Small businesses’ profit margins may be increasing, according to data obtained from financial analysis software company Sageworks, but this isn’t exactly good news.
The company’s latest figures show that while profit margins increased by 5.13% over this time last year, sales are down by 6.46%. This means, according to Drew White, chief financial officer of Sageworks, that a small business’s success is being driven by expense containment, not revenue.
“Small businesses have to work very hard to make a profit,” White says. “They have to carefully manage expenses if they want to stay in business.”
Sageworks aggregates small business industry data from the CPAs and accountants in its subscriber base. The accountants, in turn, use the benchmarking data to compare their own clients to industry peers.
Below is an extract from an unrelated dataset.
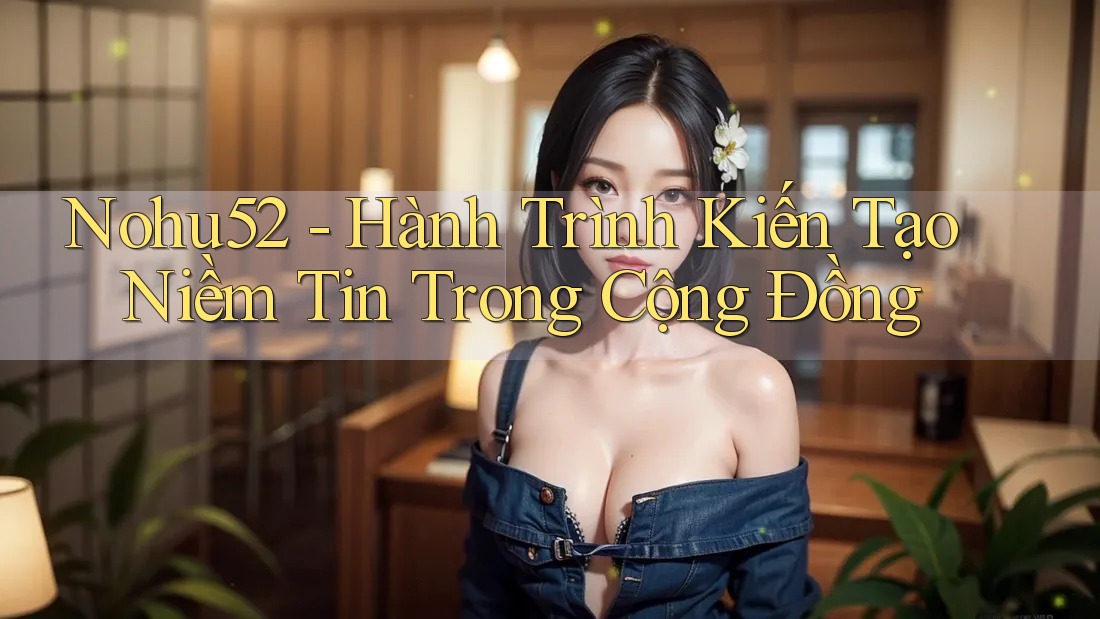 Nohu52 - Hành Trình Kiến Tạo Niềm Tin Trong Cộng Đồng Nohu52 - Hành Trình Kiến Tạo Niềm Tin Trong Cộng Đồng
Financial data from more than 233,000 companies was used to compile the latest figures.
According to White, businesses saved the most by cutting payroll, spending 13.87% of their profits on staffing as opposed to the 14.15% they spent in 2009, and the 16.73% that was spent in 2008.
“Essentially, these businesses are running short-staffed to get by,” White says.
Payroll isn’t the only place where businesses are penny-pinching. A separate study conducted by Office Depot (Stock Quote: ODP) shows that 38% of the businesses surveyed have compensated for the economic downturn by limiting business travel. Those cutting advertising/marketing expenditures comprised 29%, while 22% are outsourcing fewer jobs.